Bedah Editorial MI: Mafia Peradilan Masih Ada

16 January 2025 10:03

PENAHANAN oleh Kejaksaan Agung terhadap bekas Ketua Pengadilan Negeri Surabaya Rudi Suparmono kian membuka mata publik, bahwa isu mafia peradilan masih dirawat di negeri ini. Rudi diduga kuat telah menerima segepok uang dalam vonis bebasnya Ronald Tannur, anak bekas anggota DPR yang menganiaya pacarnya hingga tewas.

Apresiasi setinggi-tingginya tentu ditujukan buat Kejaksaan Agung yang terus menguak kasus itu sejak 2024. Di tangan lembaga penuntut negara itu, kasus itu pelan-pelan menguak peran bekas pejabat Mahkamah Agung (MA) Zarof Ricar yang jadi broker perkara dalam kasus Ronald Tannur.

Publik sejatinya sudah jengah, bahkan teramat jengah, sehingga tak kaget lagi begitu ada kabar penegak hukum ditangkap karena diduga menerima suap. Rudi menyusul tiga rekannya, para hakim di PN Surabaya, yang lebih dulu mendekam di rutan karena diduga sama-sama menerima suap, yakni Erintuah Damanik, Mangapul, dan Heru Hanindyo. Mereka diduga bersekongkol dengan memberi vonis bebas kepada Ronald Tannur.
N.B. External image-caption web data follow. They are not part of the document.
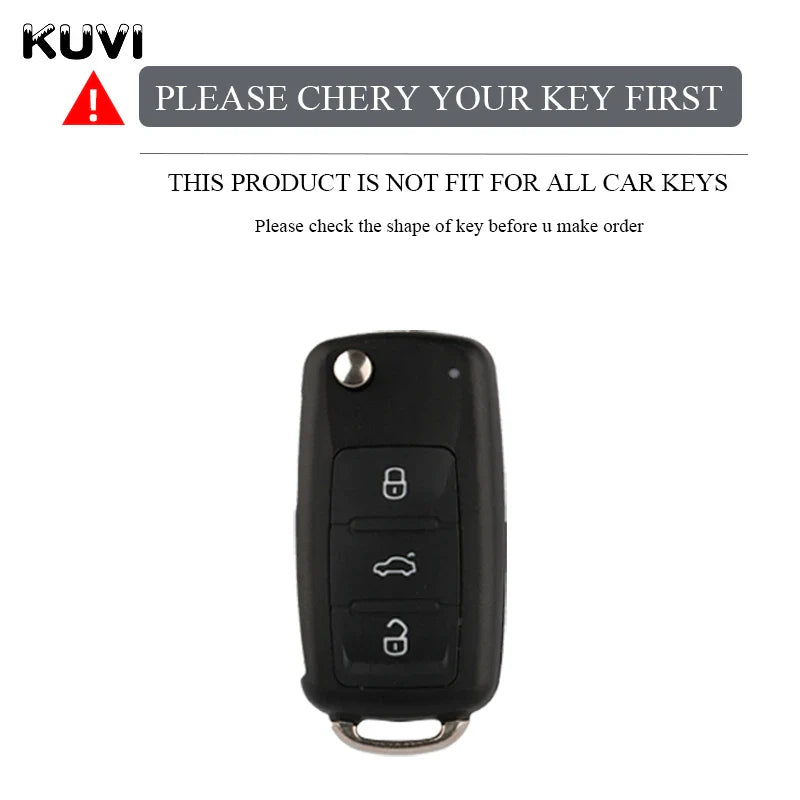 TPU Car Key Case Cover for VW - Fits Polo, Tiguan, Passat B5 B6 B7, Golf 4 5 6 MK6, Jetta, Lavida, Skoda Octavia, Seat Leon, Altea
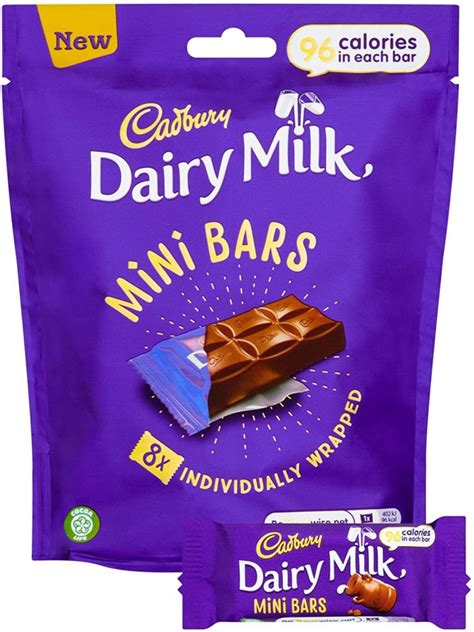 Cadbury Dairy Milk Chocolate Mini Bars Individually Wrapped 144 G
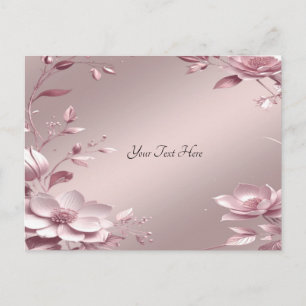 Delicate Pink Floral Postcard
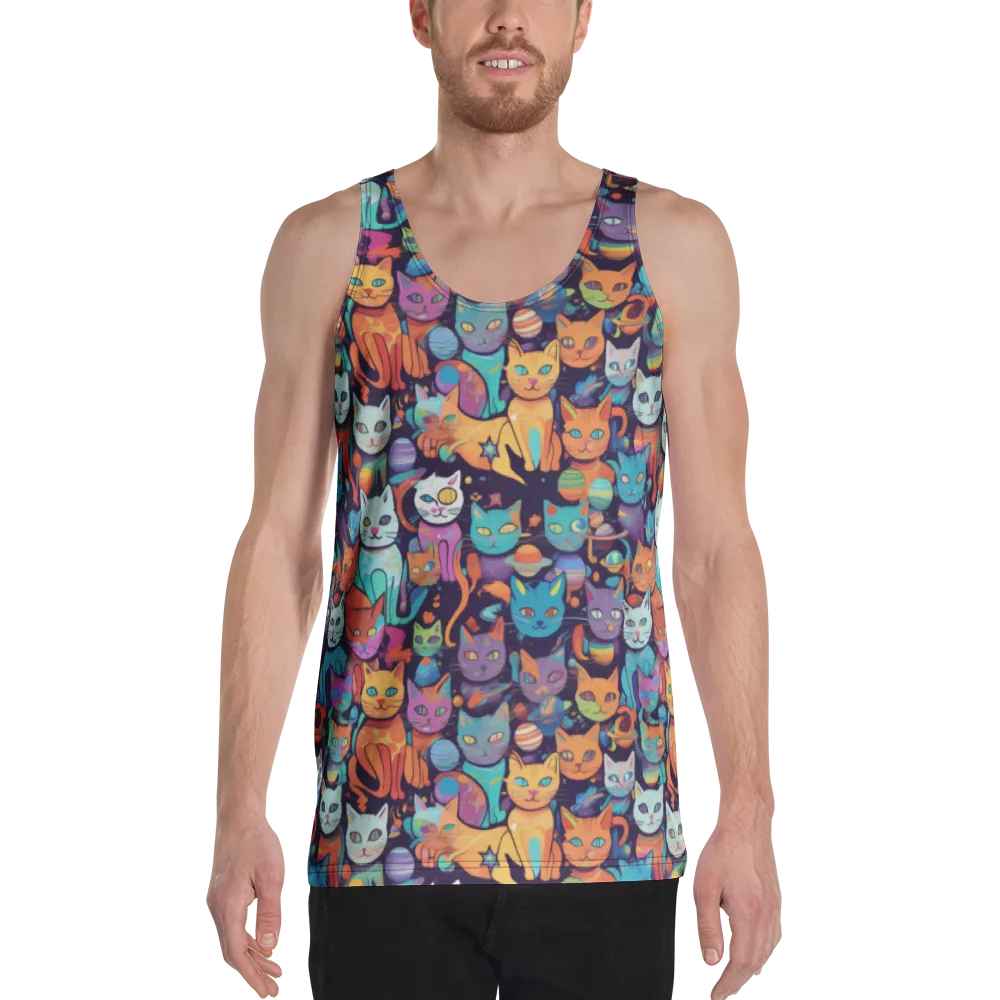 Nebula Whiskers on Men's Tank Top — Front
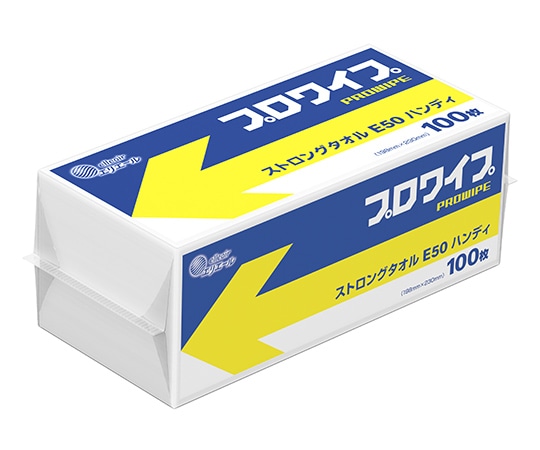 エリエール(大王製紙) エリエール プロワイプ ストロングタオルE50 ハンディ-100 1ケース(100枚×16パック入) 703429 1ケース(ご注文単位1ケース)【直送品】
Dalam sidang kasasinya, MA membatalkan putusan bebas itu dan menyatakan Ronald terbukti bersalah karena menganiaya pacarnya hingga tewas. Peran Rudi cs, termasuk bekas pejabat MA, saat membebaskan Ronald di PN Surabaya kian menguatkan kegagalan MA mereformasi lembaga peradilan itu.

Lembaga itu, mulai dari pengadilan tingkat pertama hingga tingkat MA, masih dipenuhi oleh tangan-tangan kotor sebagai pemegang palu keadilan.
 

Baca: Siasat Jahat Hakim Bejat Pembebas Ronald Tannur


Tak cocok rasanya memberi stempel wakil Tuhan kepada lembaga yang masih sekotor itu. Stempel palugada rasanya lebih pas: apa lu mau, gua ada. Kalau ingin mendapatkan keadilan, jangan lupa siapkan duit. Begitu ejekan masyarakat kepada penentu keadilan di muka bumi ini tersebut.

Kasus Rudi bersama para pengadil itu juga kian menegaskan mafia peradilan telah mengakar dan membuatnya berdiri teramat kuat di negeri ini.

Para hakim di PN Surabaya itu bukanlah pengadil pertama yang terseret kasus suap. Di tingkat PN ada nama Kartini Marpaung, Ramlan Comel, dan masih banyak lagi. Di tingkat PT, ada Pasti Serefina Sinaga. Di tingkat MA, ada Sudrajad Dimyati dan Gazalba Saleh.

Mereka semua rela mengorbankan harkat dan martabat lembaga peradilan, termasuk nama baik diri dan keluarganya, hanya demi segepok duit. Kuatnya rayuan korupsi ternyata masih sulit ditolak oleh para hakim di Indonesia. Sederet nama hakim yang sudah masuk bui karena suap tak membuat gentar hakim lainnya untuk berbuat hal yang sama.

Pertanyaannya tentu, mengapa para hakim tak pernah takut untuk korupsi? Pertanyaan itu tentunya dengan mudah dijawab, penegakan hukum tidak pernah menyasar hingga aktor-aktor intelektualnya dan tidak adanya upaya signifikan MA mereformasi diri.

Jelas di sini MA masih gagal move on. Lembaga tertinggi peradilan itu belum dapat menyapu hakim, panitera, dan pegawai pengadilan yang kotor agar lembaga itu tak berani didekati kuman yang bernama makelar kasus.

Bisa jadi karena sapunya yang kotor, atau tukang sapunya yang juga sama kotornya, maka mewujudkan peradilan yang bersih bak menegakkan benang basah.